Alright I'm puting air ride kit together for my mark3 vr and I might run 2 compressors or maybe just one but I don't know if I'm gonna have enought altenator power to power it, I run 2 sets of hids for fogs and headlights, and 3 amps for my system with stock alternator and battery, can I get a larger alternator or should I run an extra battery? Please help me out


----------



## 01 (Sep 9, 2009)

*FV-QR*

always a safe bet to get a good optima battery, i drained my cheapo oem battery several times before i became fed up with it.
optima has help up great







, bigger Alt would be nice as well like you said.


----------



## JDriver1.8t (May 20, 2005)

*Re: FV-QR (01)*

The simple answer is to leave your lights and system off when filling your bags, and not play with the switches at night or when bumping.
Better battery is always recommended, as well as a "Big 3" upgrade.
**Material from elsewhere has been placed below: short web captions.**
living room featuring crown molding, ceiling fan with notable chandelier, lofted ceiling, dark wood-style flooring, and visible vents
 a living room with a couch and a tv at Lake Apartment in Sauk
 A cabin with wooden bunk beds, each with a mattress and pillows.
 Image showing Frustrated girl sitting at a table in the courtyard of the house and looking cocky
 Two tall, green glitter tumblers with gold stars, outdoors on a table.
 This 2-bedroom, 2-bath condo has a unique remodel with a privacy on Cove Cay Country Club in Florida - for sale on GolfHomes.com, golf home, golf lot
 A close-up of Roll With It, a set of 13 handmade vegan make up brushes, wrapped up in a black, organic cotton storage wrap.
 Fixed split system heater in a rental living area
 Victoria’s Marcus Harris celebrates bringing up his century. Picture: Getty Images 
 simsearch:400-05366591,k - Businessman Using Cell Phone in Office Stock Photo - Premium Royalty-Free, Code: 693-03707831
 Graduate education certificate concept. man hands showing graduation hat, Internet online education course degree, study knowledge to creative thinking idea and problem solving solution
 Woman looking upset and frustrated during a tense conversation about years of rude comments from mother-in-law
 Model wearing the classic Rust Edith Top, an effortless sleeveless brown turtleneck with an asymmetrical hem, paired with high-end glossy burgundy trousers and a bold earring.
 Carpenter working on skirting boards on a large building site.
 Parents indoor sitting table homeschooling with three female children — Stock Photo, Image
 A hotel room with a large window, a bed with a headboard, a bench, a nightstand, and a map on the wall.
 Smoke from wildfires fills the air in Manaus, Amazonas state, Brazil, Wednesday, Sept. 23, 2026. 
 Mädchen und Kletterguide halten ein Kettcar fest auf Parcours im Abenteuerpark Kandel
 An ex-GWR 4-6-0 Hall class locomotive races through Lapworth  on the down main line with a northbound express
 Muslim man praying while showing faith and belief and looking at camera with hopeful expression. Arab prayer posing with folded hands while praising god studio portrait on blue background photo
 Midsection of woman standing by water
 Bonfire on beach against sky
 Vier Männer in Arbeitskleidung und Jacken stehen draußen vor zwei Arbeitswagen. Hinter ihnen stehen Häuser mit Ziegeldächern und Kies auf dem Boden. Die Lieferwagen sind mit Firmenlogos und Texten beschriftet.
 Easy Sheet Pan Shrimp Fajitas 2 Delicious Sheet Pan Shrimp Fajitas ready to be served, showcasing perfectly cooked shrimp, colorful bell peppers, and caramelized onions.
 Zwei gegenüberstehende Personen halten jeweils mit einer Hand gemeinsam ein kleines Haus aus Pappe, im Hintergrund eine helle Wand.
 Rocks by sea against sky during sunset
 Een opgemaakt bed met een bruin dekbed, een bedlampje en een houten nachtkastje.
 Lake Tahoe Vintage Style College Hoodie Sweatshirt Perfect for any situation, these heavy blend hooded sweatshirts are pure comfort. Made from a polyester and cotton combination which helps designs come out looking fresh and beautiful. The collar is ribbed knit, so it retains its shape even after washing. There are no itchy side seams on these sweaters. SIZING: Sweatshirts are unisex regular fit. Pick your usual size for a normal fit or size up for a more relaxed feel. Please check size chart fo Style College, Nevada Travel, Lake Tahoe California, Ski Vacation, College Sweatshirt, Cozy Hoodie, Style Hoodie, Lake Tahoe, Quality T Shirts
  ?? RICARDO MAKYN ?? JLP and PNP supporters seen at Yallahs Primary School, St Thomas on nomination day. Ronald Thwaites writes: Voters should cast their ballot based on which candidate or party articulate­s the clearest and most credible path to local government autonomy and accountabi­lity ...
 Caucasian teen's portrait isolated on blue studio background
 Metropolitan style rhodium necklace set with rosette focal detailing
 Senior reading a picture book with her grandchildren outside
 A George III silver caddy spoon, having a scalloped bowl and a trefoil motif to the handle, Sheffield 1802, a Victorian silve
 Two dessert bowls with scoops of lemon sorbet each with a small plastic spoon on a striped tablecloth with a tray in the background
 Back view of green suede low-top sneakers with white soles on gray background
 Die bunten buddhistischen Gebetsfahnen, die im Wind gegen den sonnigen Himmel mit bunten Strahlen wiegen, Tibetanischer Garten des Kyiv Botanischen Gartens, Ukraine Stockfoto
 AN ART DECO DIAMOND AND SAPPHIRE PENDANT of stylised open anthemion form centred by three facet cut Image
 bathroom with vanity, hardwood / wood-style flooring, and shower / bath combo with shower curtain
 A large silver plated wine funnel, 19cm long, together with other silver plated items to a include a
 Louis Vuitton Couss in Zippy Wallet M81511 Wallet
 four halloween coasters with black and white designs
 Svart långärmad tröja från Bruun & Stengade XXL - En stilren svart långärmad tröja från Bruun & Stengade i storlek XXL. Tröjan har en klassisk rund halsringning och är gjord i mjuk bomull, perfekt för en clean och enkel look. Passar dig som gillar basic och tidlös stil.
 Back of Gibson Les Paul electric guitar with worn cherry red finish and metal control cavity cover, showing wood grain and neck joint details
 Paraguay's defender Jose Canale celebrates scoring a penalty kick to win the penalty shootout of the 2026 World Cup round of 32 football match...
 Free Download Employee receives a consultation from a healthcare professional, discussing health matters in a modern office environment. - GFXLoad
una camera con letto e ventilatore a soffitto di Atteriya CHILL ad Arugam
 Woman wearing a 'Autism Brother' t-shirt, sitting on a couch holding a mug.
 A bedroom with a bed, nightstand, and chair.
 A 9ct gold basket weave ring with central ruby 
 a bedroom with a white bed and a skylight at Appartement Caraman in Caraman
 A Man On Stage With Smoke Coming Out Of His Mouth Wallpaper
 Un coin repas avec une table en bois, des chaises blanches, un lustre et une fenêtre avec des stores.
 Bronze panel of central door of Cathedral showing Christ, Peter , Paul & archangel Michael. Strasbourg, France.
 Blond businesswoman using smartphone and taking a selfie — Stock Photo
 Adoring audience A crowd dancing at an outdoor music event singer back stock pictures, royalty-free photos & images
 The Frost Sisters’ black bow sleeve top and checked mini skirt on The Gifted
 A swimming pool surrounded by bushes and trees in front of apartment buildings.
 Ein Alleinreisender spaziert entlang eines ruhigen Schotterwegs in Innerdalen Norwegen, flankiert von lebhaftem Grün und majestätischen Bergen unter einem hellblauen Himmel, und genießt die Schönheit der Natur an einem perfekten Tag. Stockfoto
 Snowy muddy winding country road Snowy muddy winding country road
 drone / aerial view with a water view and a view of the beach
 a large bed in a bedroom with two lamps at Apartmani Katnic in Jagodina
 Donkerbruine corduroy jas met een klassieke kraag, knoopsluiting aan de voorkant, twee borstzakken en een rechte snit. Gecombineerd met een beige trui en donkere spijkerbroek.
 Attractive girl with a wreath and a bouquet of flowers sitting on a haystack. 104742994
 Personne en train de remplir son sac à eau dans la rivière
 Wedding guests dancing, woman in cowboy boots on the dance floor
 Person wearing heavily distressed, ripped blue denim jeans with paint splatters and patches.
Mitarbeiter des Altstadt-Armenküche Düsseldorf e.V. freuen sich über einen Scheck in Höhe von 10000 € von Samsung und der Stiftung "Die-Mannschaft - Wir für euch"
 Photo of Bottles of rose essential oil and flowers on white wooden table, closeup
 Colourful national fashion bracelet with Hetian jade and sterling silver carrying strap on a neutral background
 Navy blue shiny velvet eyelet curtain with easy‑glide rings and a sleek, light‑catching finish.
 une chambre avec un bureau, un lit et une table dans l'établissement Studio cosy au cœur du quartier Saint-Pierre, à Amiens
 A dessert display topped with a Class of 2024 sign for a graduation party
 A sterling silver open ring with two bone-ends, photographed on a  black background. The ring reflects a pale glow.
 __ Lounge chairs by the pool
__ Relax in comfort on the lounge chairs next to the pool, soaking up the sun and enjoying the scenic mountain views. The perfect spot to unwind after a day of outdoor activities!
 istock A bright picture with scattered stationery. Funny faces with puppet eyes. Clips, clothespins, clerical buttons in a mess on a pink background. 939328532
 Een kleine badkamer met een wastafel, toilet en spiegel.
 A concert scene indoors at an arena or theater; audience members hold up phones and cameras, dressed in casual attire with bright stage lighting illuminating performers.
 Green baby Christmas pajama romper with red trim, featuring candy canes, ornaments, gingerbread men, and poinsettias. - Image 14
You can get a higher output alt as well if you really think it is required.


----------



## vdubb98gti (Jul 24, 2008)

*Re: FV-QR (JDriver1.8t)*

yea ill definatly get a bigger battery, how uc does a higher output aternatr go for haha?


----------



## vdubb98gti (Jul 24, 2008)

*Re: FV-QR (vdubb98gti)*

Bump..
Anyone know where I can get a vr high outpuy alternator? Or get mine rewound to like 200amp? I'm gonna run a viair 400c compressor so that's like a 30 amp draw for one compressor and ij wanted to do 2 of them but my system already draws a lot so I'm probably def gonna need the alternator atleast 200a


----------



## FastAndFurious (Feb 2, 2002)

*Re: FV-QR (vdubb98gti)*

i have a optima red and 120amp new alternator and i have 2 480c compressors and oem hids and other electronics,2 amps, 2 subs, 4 gauges ps2 door poppers etc, 
i just ran the power from battery seperate for system and , seperate for air, when u bump the system dont play with the switches and u should be fine, just dont go crazy with turning everything on at the same time


----------



## vdubb98gti (Jul 24, 2008)

*Re: FV-QR (FastAndFurious)*

Sounds good, ill have to get an optima then, I'm. Eithiert gonna run 1 400c or 2 400 c compressors haven't really decided yet though I think 2 would be better but 1 might be fine


----------